Welcome to: Aldeburgh

October 23, 2017

Sitting pretty on the North Sea coast of Suffolk, Aldeburgh offers a tranquil home for residents as well as a wonderful range of wildlife.

Noted as the home of composer Benjamin Britten as well as the centre of the international Aldeburgh Festival of arts at nearby Snape Maltings (founded by Britten in 1948), Aldeburgh remains an artistic and literary centre with an annual Poetry Festival and several food festivals as well as other cultural events. The annual Aldeburgh Carnival in August has taken place at least since 1892 and possibly as far back as 1832, when “Ye Olde Marine Regatta” was mentioned. The focal point today is a Carnival Procession featuring locals and visitors dressed in homemade costumes and on floats, often with a topical or local theme.

A former Tudor port, Aldeburgh was granted Borough status in 1529 by Henry VIII and its historic buildings include a 16th-century moot hall and a Napoleonic-era Martello Tower.

Once a leading port with a flourishing shipbuilding industry, Aldeburgh is now a far quieter community, yet it is still centred on the vast shingle beach. The beach, which was awarded the Blue flag rural beach award in 2005, is enough to allow fishing boats to be drawn up above the high tide.

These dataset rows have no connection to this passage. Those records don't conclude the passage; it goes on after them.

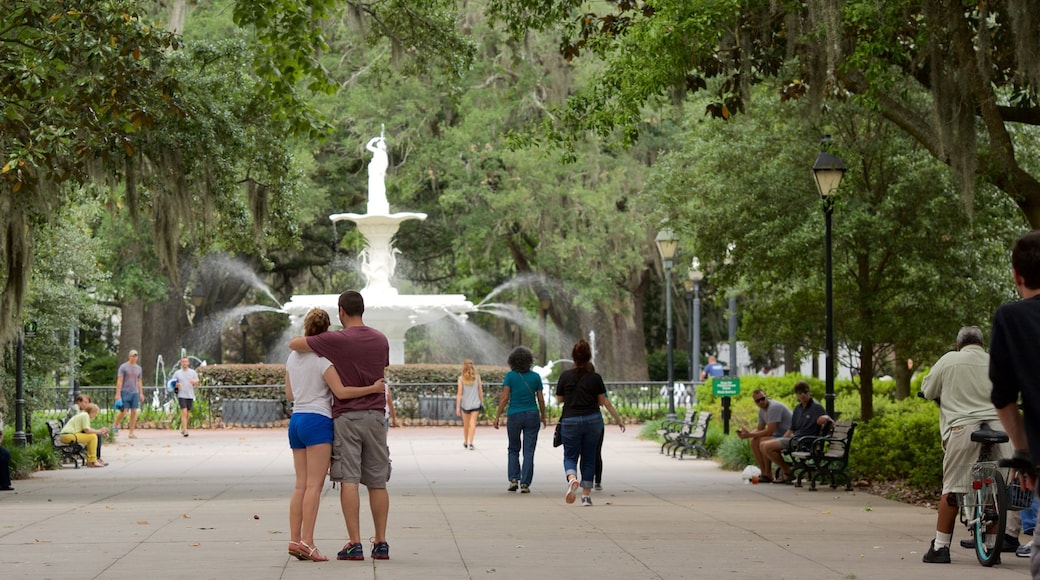 Forsyth Park featuring a park and a fountain as well as a small group of people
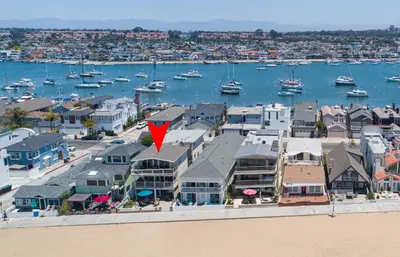 an aerial view of a harbor with houses and boats at 1005 E Balboa 2 in Newport Beach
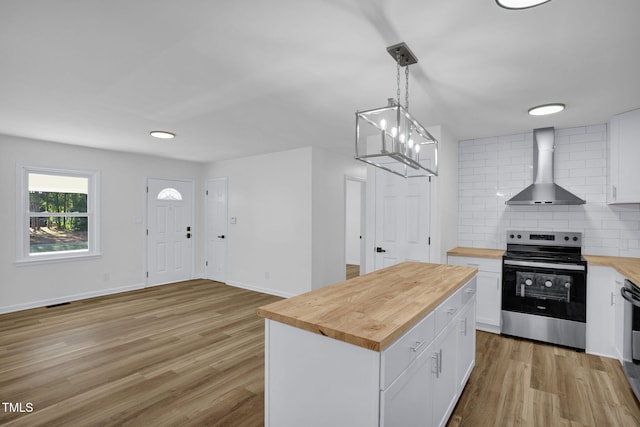 kitchen with pendant lighting, stainless steel electric range, white cabinets, wall chimney exhaust hood, and butcher block countertops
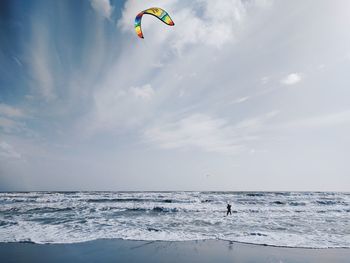 Person paragliding over sea against sky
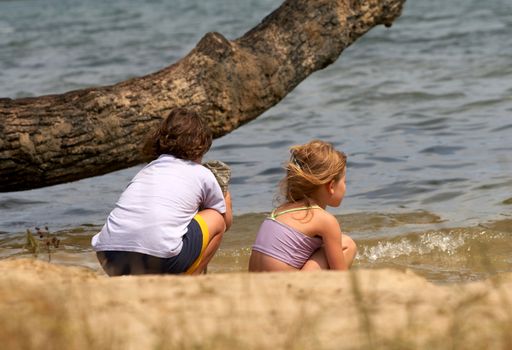 children on lake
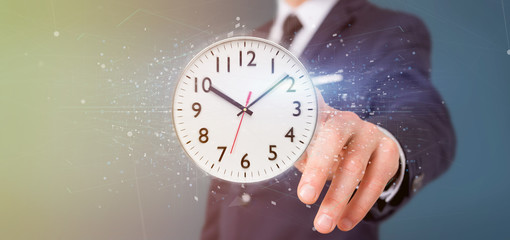 Poster - Man holding a clock timer 3d rendering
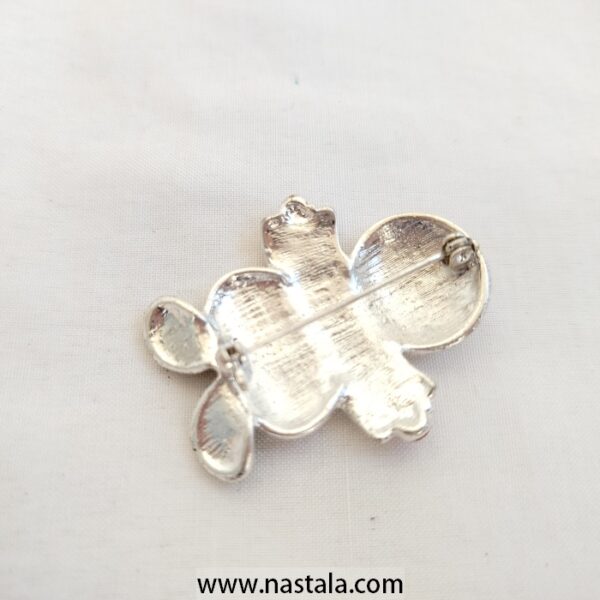 A festive snowman pin with a "Believe" banner | دبوس مزخرف على شكل رجل ثلج مع لافتة "Believe" - Image 2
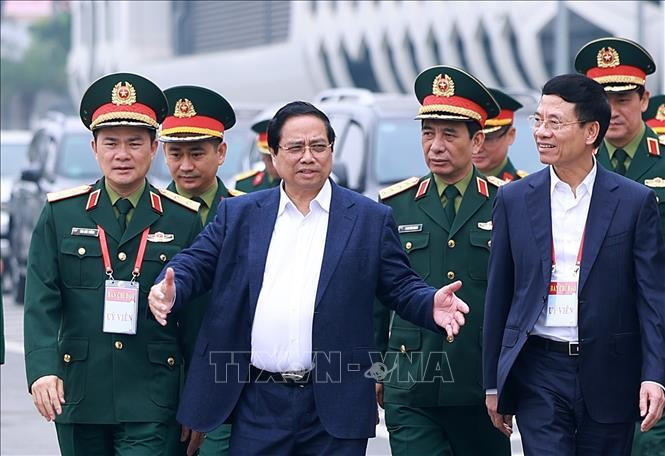 Thủ tướng Phạm Minh Chính làm việc với Bộ Quốc phòng và các bộ, ngành về kết quả hoạt động nghiên cứu, sản xuất, phát triển công nghiệp quốc phòng. Ảnh: Dương Giang/TTXVN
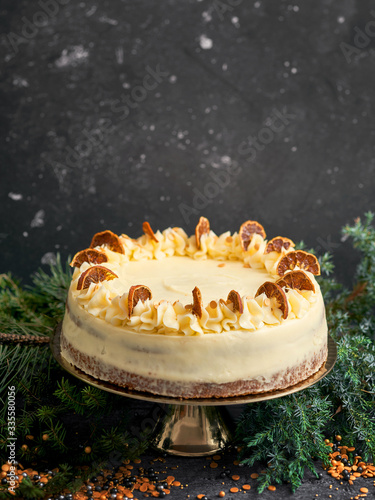  Orange flavoured christmas cake on a golden cake holder photo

Within the Suffolk Coast and Heaths Area of Outstanding Natural Beauty (AONB), Aldeburgh has a number of Sites of Special Scientific Interest (SSSI) and nature reserves in the local area. The Alde-Ore Estuary SSSI covers the area surrounding the river from Snape to its mouth, including the whole of Orford Ness, and contains a number of salt marsh and mudflat habitats. The Leiston-Aldeburgh SSSI extends from the northern edge of the town to cover a range of habitats including grazing marsh and heathland, and includes Thorpeness Mere and the North Warren RSPB reserve – an area of wildlife and habitat conservation and nature trails run by the RSBP.

Famously position on the beach, a short distance north of the town centre is The Scallop – a sculpture dedicated to Benjamin Britten. Created from stainless steel by Suffolk-based artist Maggi Hambling, it stands 15 feet high, and was unveiled in November 2003. The piece is made up of two interlocking scallop shells, each broken, the upright shell being pierced with the words: “I hear those voices that will not be drowned”, which are taken from Britten’s opera Peter Grimes.

Other icons include the Martello Tower, owned and run by the Landmark Trust, which is the largest and most northerly of the Martello Towers built to resist a Napoleonic invasion. The Martello Tower is the only surviving building of the fishing village of Slaughden, which had been washed away by the North Sea by 1936.

The Aldeburgh Moot Hall is a Grade I listed timber-framed building that has been used for council meetings for over 400 years. The Town Clerk’s office is still there and it also houses the local museum.

Aldeburgh is a great place to indulge in some retail therapy, walking as well as dining – there is something for everyone within the town.

Aldeburgh Cinema has been showing films since 1919 and screens popular film classics as well as new releases in a wonderfully traditional atmosphere.

Above all else, the fish and chips of Aldeburgh are the true crowning glory. Boasting three amazing shops; The Aldeburgh Fish & Chip Shop, The Golden Galleon, and The Upper Deck, each has a slightly different take on the classic dish, and they are all equally delightful.

As a home from home or a place to put down roots, Aldeburgh is a serious contender for those who relish living by the coast.